Robert Fulford in suit and tie, age 23

Brief Biography

Robert Fulford has worked as a journalist for over 70 years. During his rich and varied career as a reporter, author, broadcaster and editor, he's written extensively about jazz, the visual arts, architecture, city planning, museums, archeology, literature, theatre, film and politics—local, national and international, concentrating on Canada-US relations, European affairs, the Soviet Union, the Middle East and Japan.

Robert Marshall Blount Fulford was born in Ottawa on February 13, 1932 to Frances (Blount) Fulford and A.E. ("Ab") Fulford, a journalist with the Canadian Press. He grew up in Toronto's Beach district, where his neighbour and best friend was pianist Glenn Gould. By age 16 he was reporting on high school sports and producing a weekly teen radio show for CHUM. He became a Globe and Mail reporter in 1950, at age 18, and went on to work on the editorial staff of magazines such as Maclean's. In the 1960s he wrote a daily column about books and art for the Toronto Star and hosted a weekly CBC radio show on the arts. He covered Expo '67 for the Star and wrote the book This Was Expo.
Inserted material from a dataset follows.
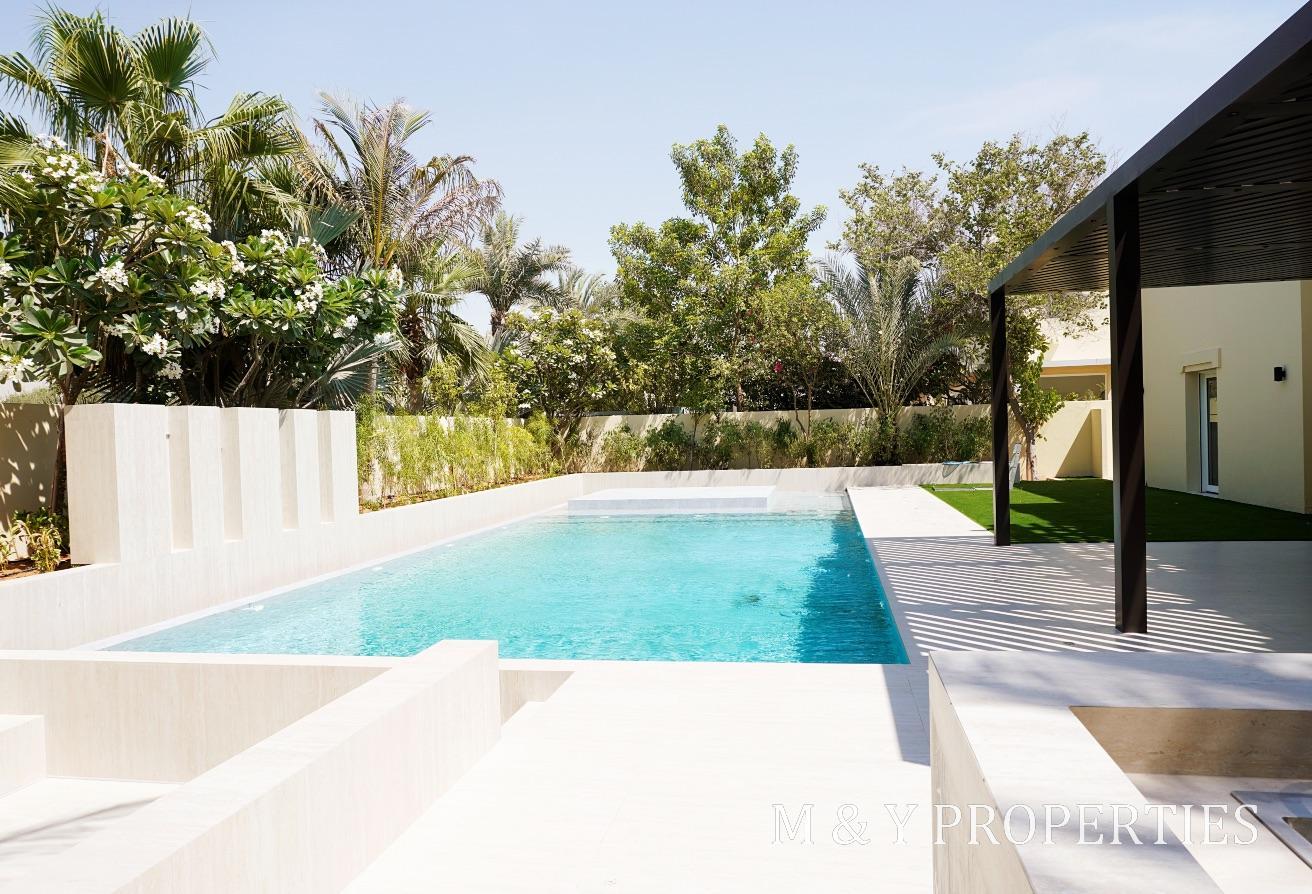 Upgraded 6BR Villa | Large Plot | Private Pool photo 2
In 1968 he began nearly two decades as the Editor of Saturday Night magazine, where he contributed a monthly "Notebook" column and continued writing about film as "Marshall Delaney." Robert Fulford's books include a 1968 collection of his columns, Crisis at the Victory Burlesk: Culture, Politics and Other Diversions, and the 1974 collection Marshall Delaney at the Movies: The Contemporary World as Seen on Film.

From 1982 to 1989 he was the co-host, with Richard Gwyn, of the TVOntario interview program Realities.

His writing on the visual arts includes Harold Town Drawings (introduction and text, 1968); An Introduction to the Arts in Canada (1977); The Beginning of Vision: The Drawings of Lawren S. Harris (co-authored with Joan Murray, 1982); and introductions and essays in dozens of art books and exhibition catalogues, as well as many newspaper and magazine articles.

After resigning from Saturday Night in 1987, Robert Fulford wrote Best Seat in the House: Memoirs of a Lucky Man (1988) and taught journalism for several years at Ryerson Polytechnic University and the Banff Centre for the Arts. In 1989 he began donating his papers to McMaster University Libraries.

From 1992 to 1999 his column appeared once a week in the Globe and Mail, and in 1991 he began writing longer articles for Queen's Quarterly, expanding the number of National Magazine Awards he's received to 17.

His book Accidental City: The Transformation of Toronto was published in 1995. His 1999 CBC Massey Lectures were published as The Triumph of Narrative: Storytelling in the Age of Mass Culture.

His columns appeared regularly in the National Post from 1999 to 2019. His book A Life in Paragraphs: Essays was published in September 2020.

In recognition of his work to date he has been the recipient of many awards and honours.

Robert Fulford is married to journalist and author Geraldine Sherman; he has four children and two grandchildren.


Photo: Robert Fulford as Assistant Editor of Mayfair magazine, 1955.